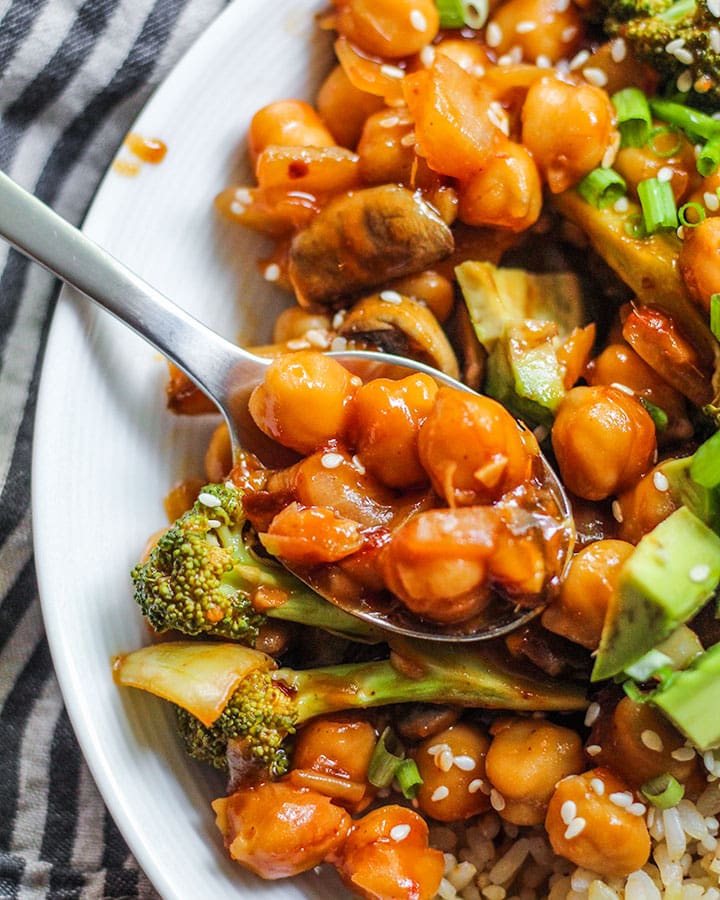 Sweet and sour chickpeas that are being scooped up from a plate.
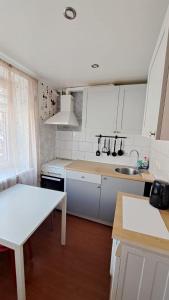 cocina con armarios blancos, fregadero y mesa en Teatra 32, en Daugavpils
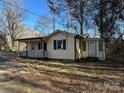 House exterior showcasing a yellow ranch home with a porch at 3798 Providence Mill Rd, Maiden, NC 28650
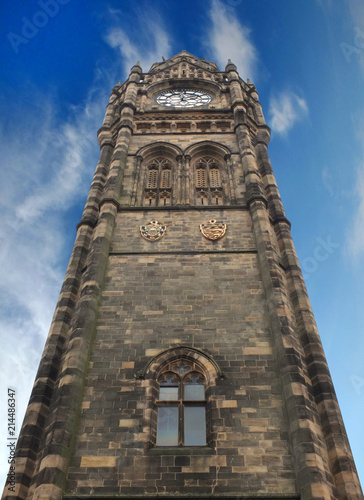 the tall clock tower of historic rochdale town hall in lancashire with blue summer sky and white clouds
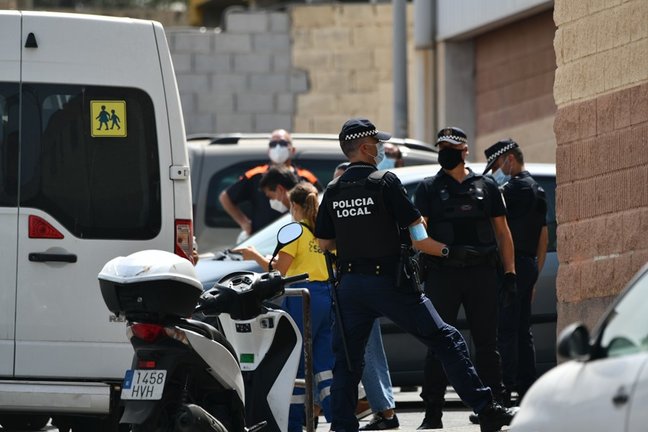 Varios agentes y vehículos de la Policía Local de Ceuta acompañan a menores no acompañados hacia una furgoneta, en las inmediaciones del Polideportivo Santa Amelia, donde fueron acogidos 250 de los 800 menores que llegaron a Ceuta el pasado mes de mayo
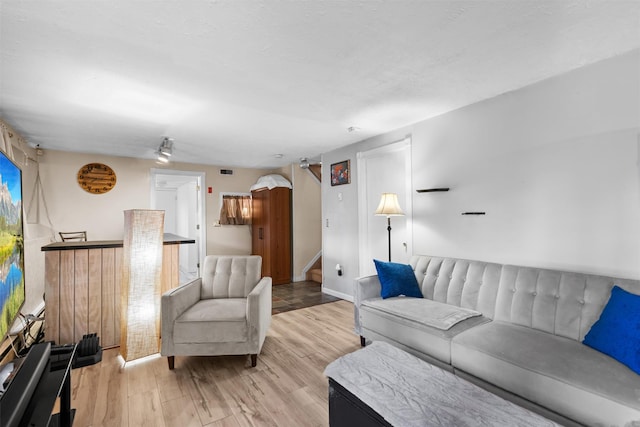 living room with light hardwood / wood-style floors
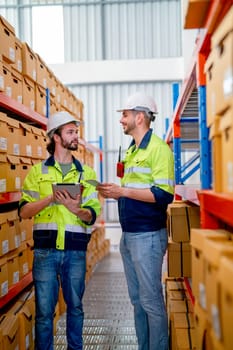Two professional warehouse workers stand between shelves of products and discuss together about work in workplace area. The concept of good system support the worker for stock and shipment industry.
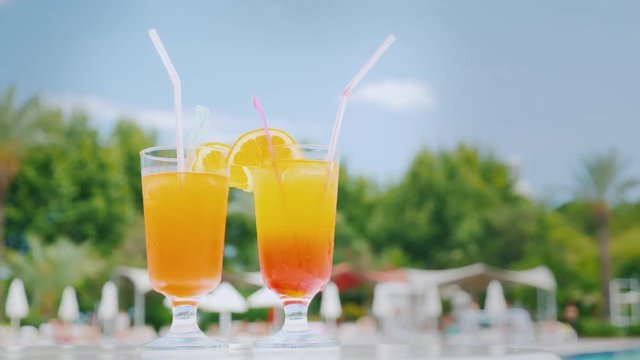 Two orange cocktails with straws and orange slices are on the beach table by the pool against the blue sky
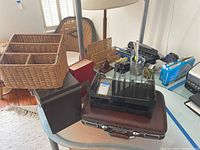 Overview shot showing multiple office supplies on a glass table including wicker baskets, briefcase, bookends, and three-hole punch.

★ ★ ★

_Exercise brief:_ Restate each record from above word for word, excluding any picture it holds.

_Answer section:_
 Sweet and sour chickpeas that are being scooped up from a plate.
 cocina con armarios blancos, fregadero y mesa en Teatra 32, en Daugavpils
 House exterior showcasing a yellow ranch home with a porch at 3798 Providence Mill Rd, Maiden, NC 28650
 the tall clock tower of historic rochdale town hall in lancashire with blue summer sky and white clouds
 Varios agentes y vehículos de la Policía Local de Ceuta acompañan a menores no acompañados hacia una furgoneta, en las inmediaciones del Polideportivo Santa Amelia, donde fueron acogidos 250 de los 800 menores que llegaron a Ceuta el pasado mes de mayo
 living room with light hardwood / wood-style floors
Two professional warehouse workers stand between shelves of products and discuss together about work in workplace area. The concept of good system support the worker for stock and shipment industry.
 Two orange cocktails with straws and orange slices are on the beach table by the pool against the blue sky
 Overview shot showing multiple office supplies on a glass table including wicker baskets, briefcase, bookends, and three-hole punch.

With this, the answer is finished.